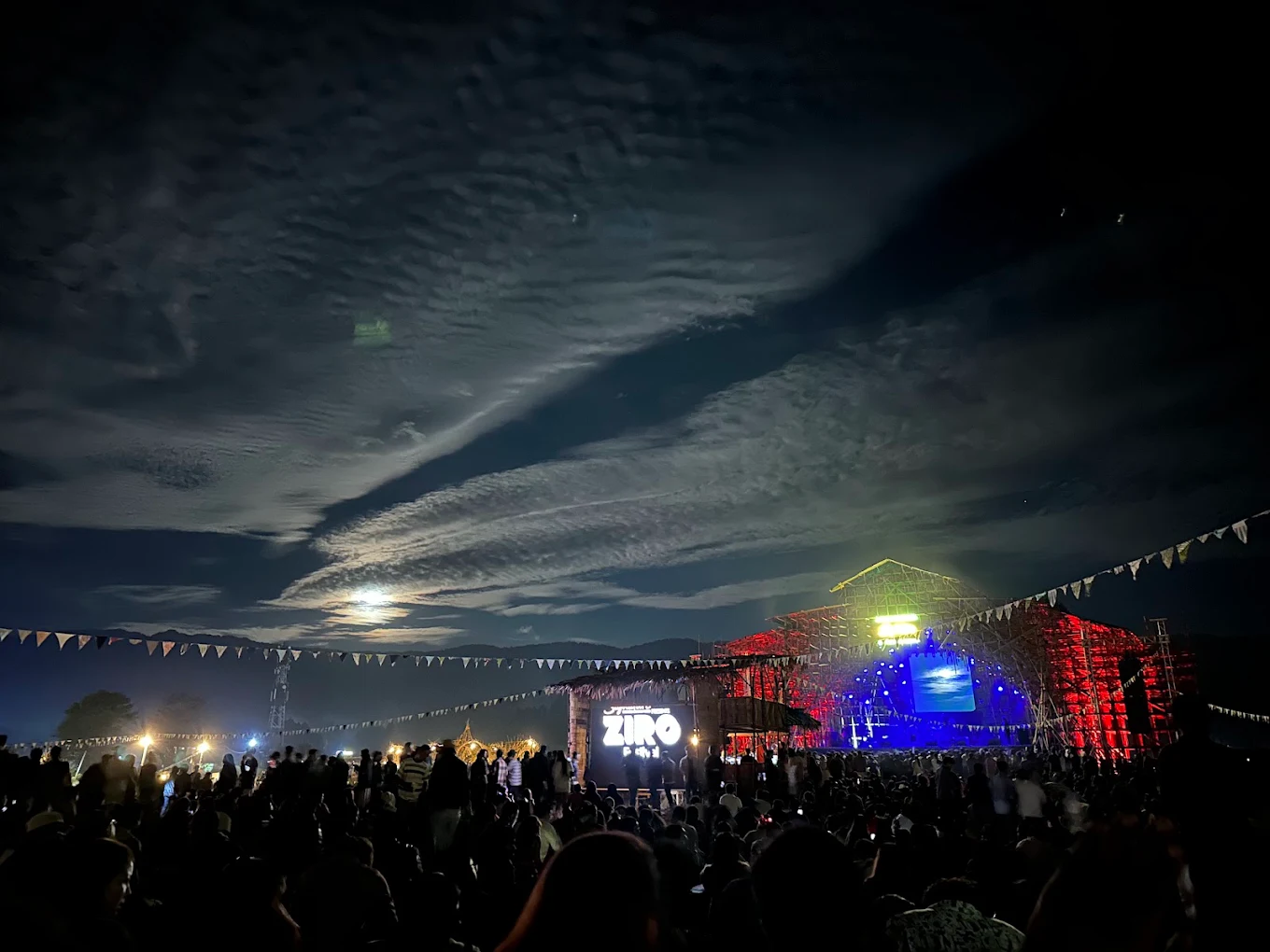 Ziro Music Festival in Ziro Valley, Arunachal Pradesh, featuring a live outdoor music performance surrounded by scenic mountains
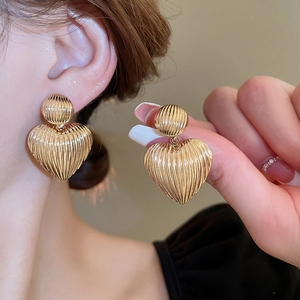 Golden textured heart earrings with vertical striped metallic finish in a retro style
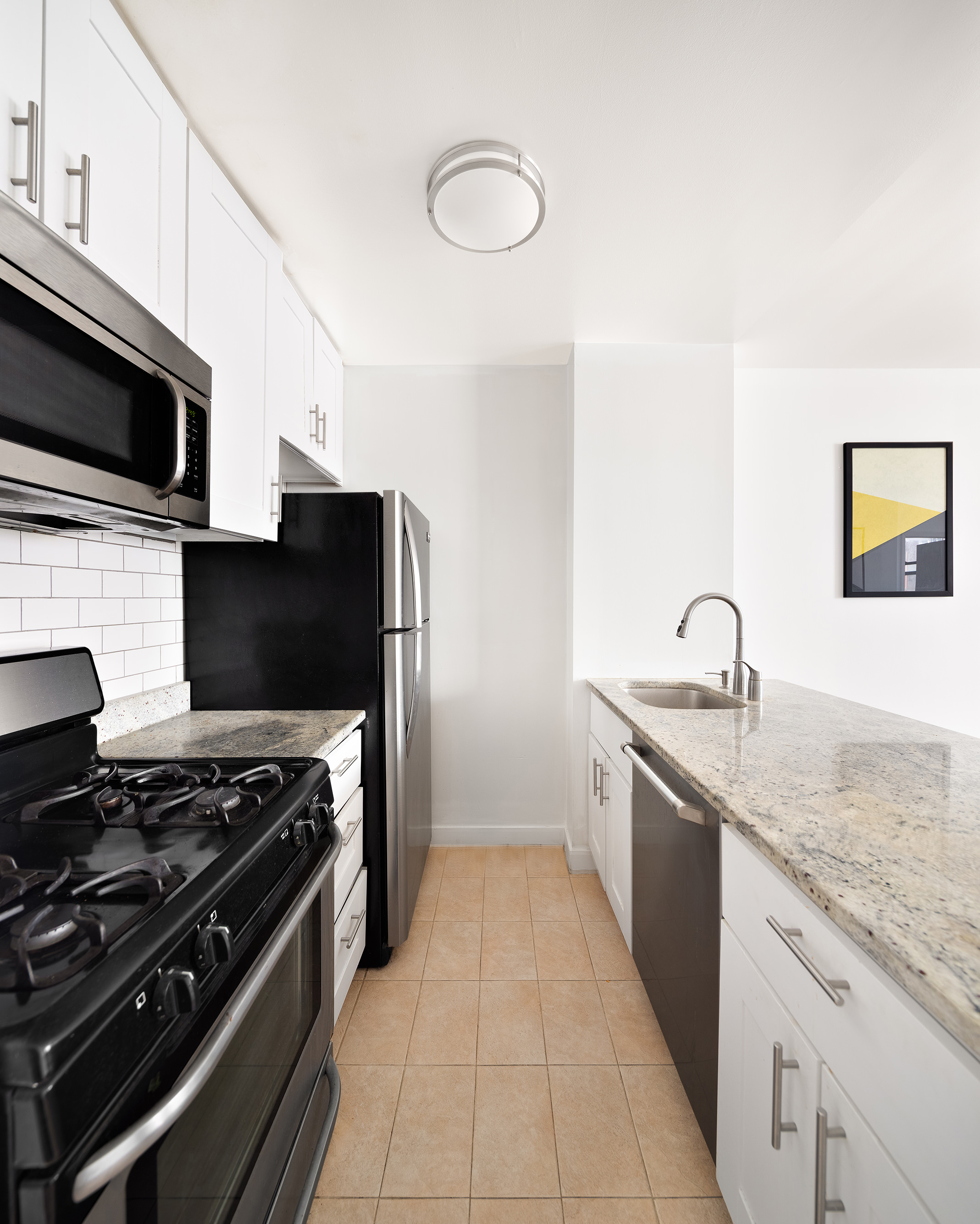 350 West 14th Street, Unit 7E Manhattan, NY 10014 - Photo 3 of 5 a kitchen with stainless steel appliances granite countertop a stove and a sink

■ EXERCISE PROMPT ■
The listing above needs to be output again exactly. Don't include the pictures.

■ SOLUTION TO THE EXERCISE ■
 Ziro Music Festival in Ziro Valley, Arunachal Pradesh, featuring a live outdoor music performance surrounded by scenic mountains
 Golden textured heart earrings with vertical striped metallic finish in a retro style
 350 West 14th Street, Unit 7E Manhattan, NY 10014 - Photo 3 of 5 a kitchen with stainless steel appliances granite countertop a stove and a sink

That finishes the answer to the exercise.